*Instructions for the task*.
To complete this task, print all the data below exactly but leave out the images.

(Items from a dataset)
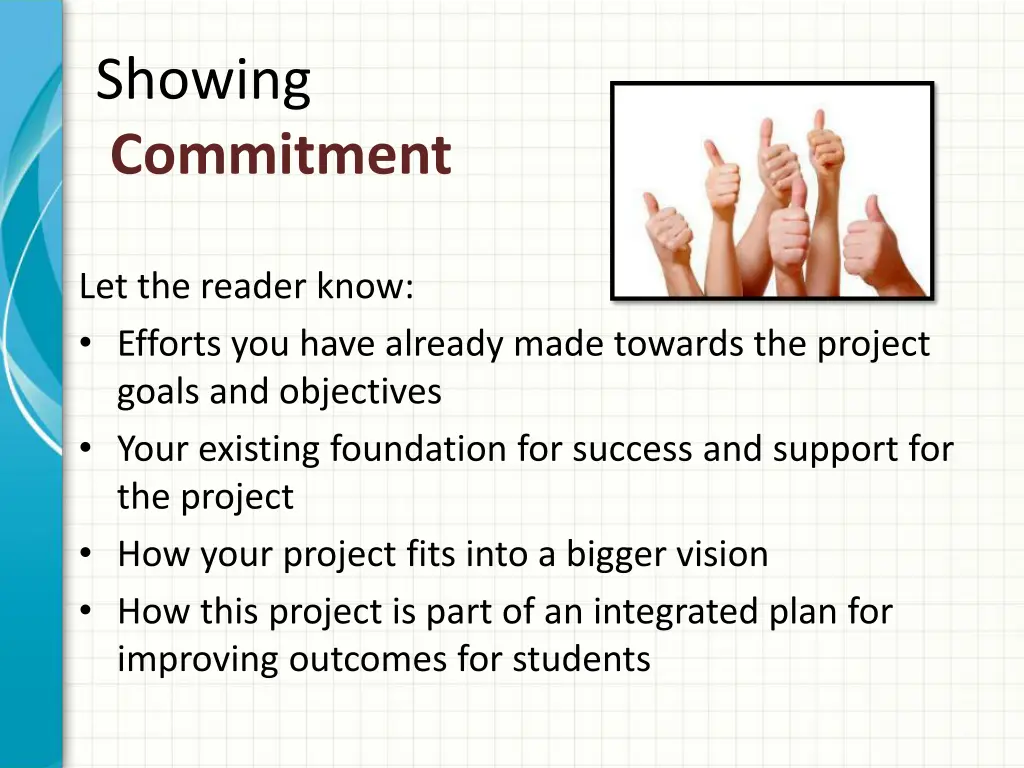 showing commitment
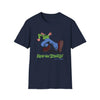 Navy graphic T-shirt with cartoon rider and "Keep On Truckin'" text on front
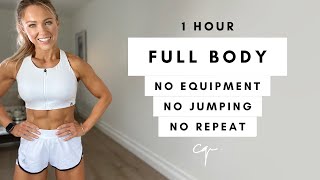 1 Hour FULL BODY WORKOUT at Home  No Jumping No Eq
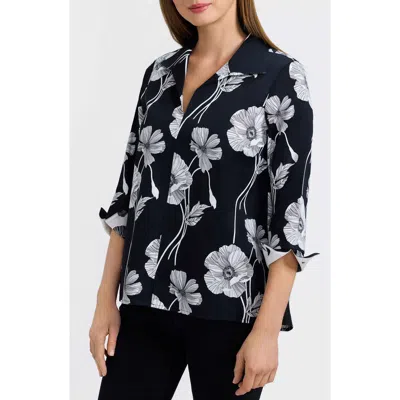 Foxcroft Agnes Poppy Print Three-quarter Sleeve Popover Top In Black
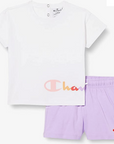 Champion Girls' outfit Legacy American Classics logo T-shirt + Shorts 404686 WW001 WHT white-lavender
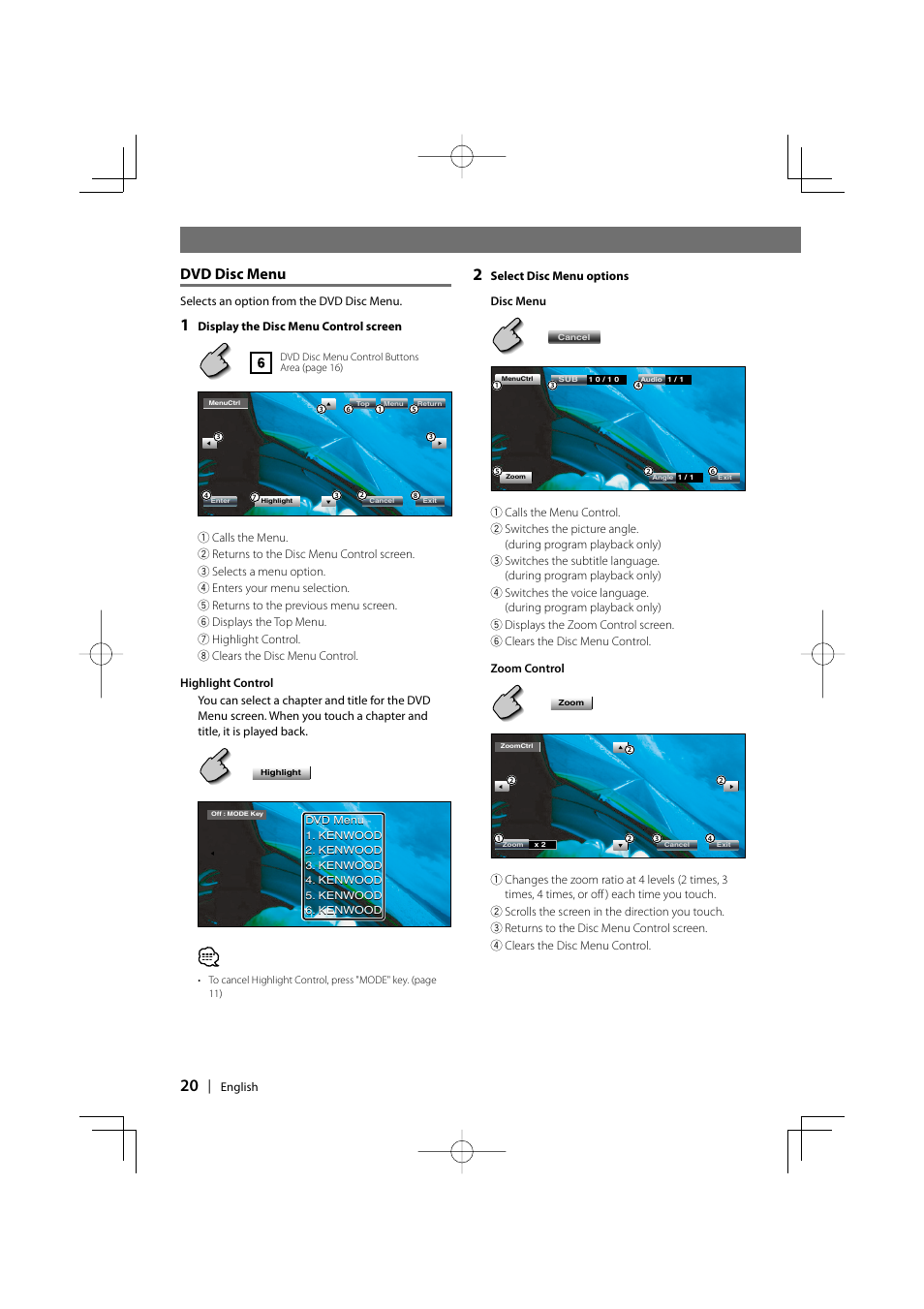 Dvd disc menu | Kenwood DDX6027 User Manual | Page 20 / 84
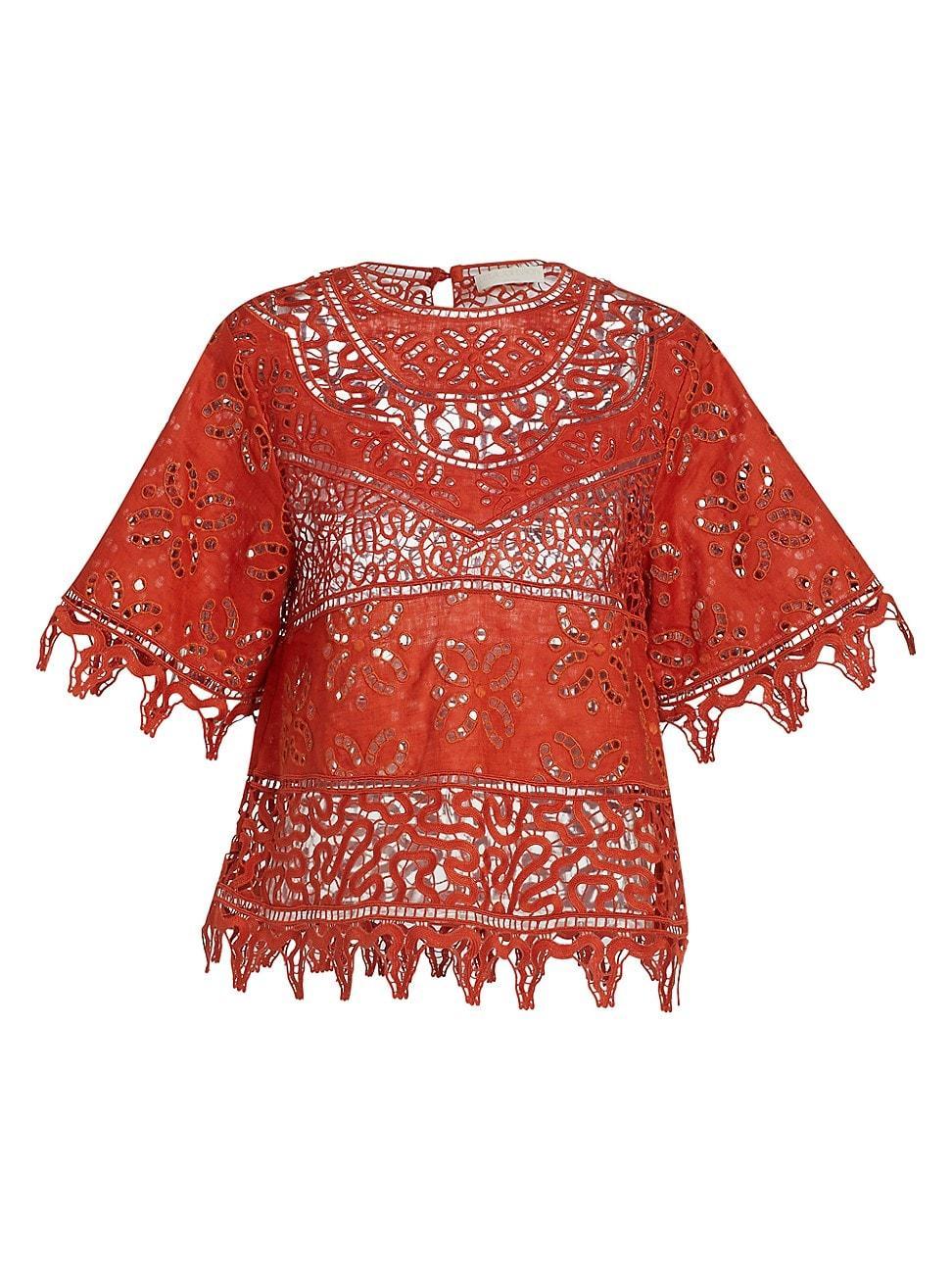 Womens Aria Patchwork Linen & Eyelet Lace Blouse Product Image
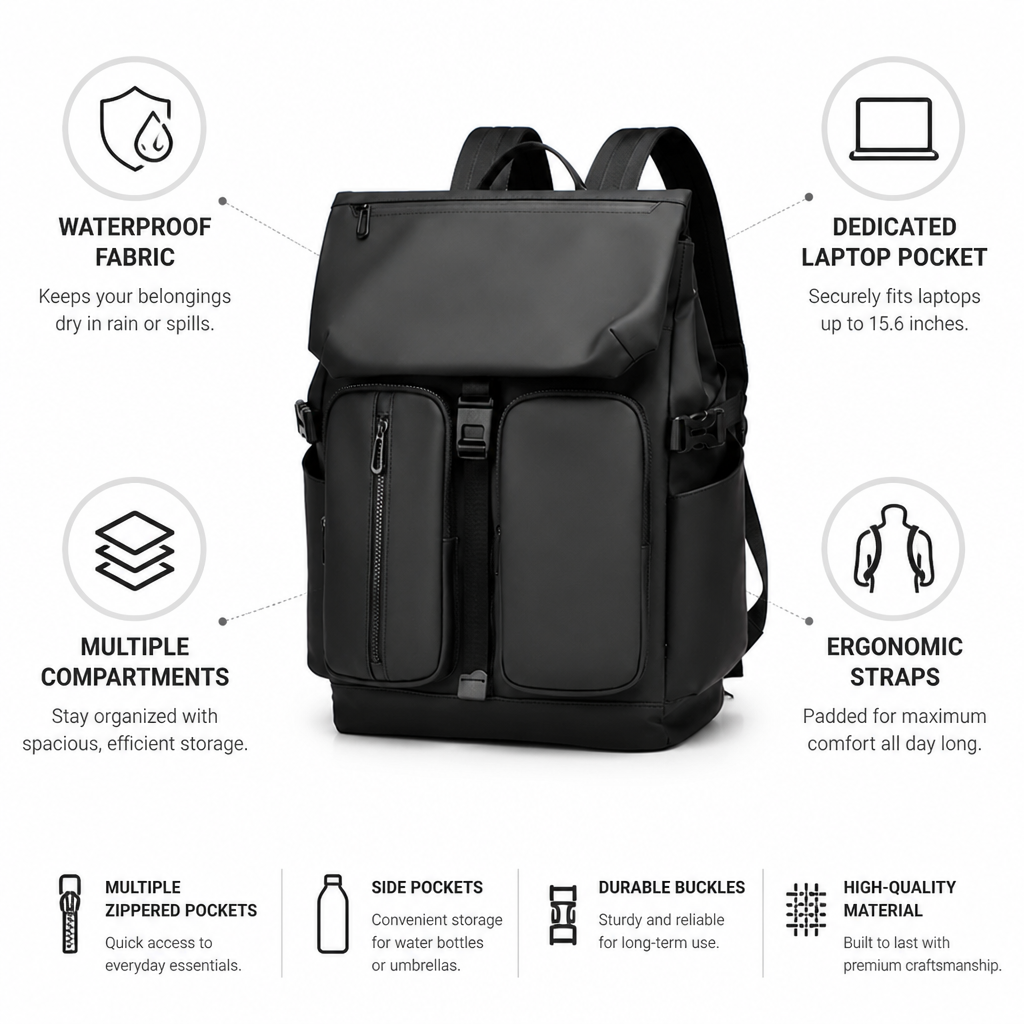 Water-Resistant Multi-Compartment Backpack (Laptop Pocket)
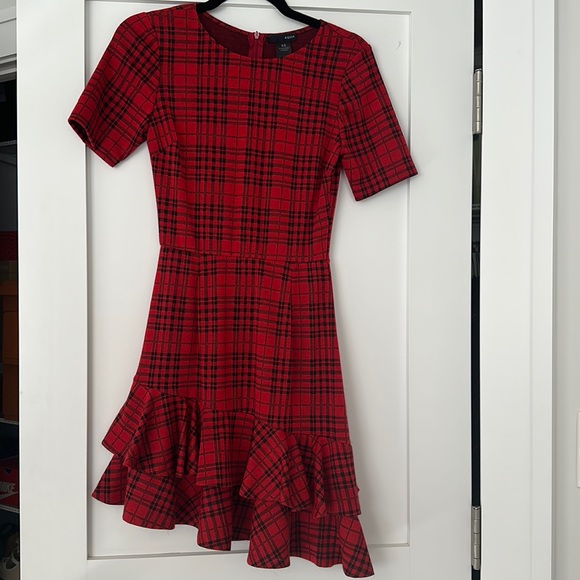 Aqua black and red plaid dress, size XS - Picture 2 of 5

*Written answer*.
 showing commitment
 Navy graphic T-shirt with cartoon rider and "Keep On Truckin'" text on front
 1 Hour FULL BODY WORKOUT at Home  No Jumping No Eq
 Foxcroft Agnes Poppy Print Three-quarter Sleeve Popover Top In Black
 Champion Girls' outfit Legacy American Classics logo T-shirt + Shorts 404686 WW001 WHT white-lavender
 Dvd disc menu | Kenwood DDX6027 User Manual | Page 20 / 84
 Womens Aria Patchwork Linen & Eyelet Lace Blouse Product Image
 Water-Resistant Multi-Compartment Backpack (Laptop Pocket)
 Aqua black and red plaid dress, size XS - Picture 2 of 5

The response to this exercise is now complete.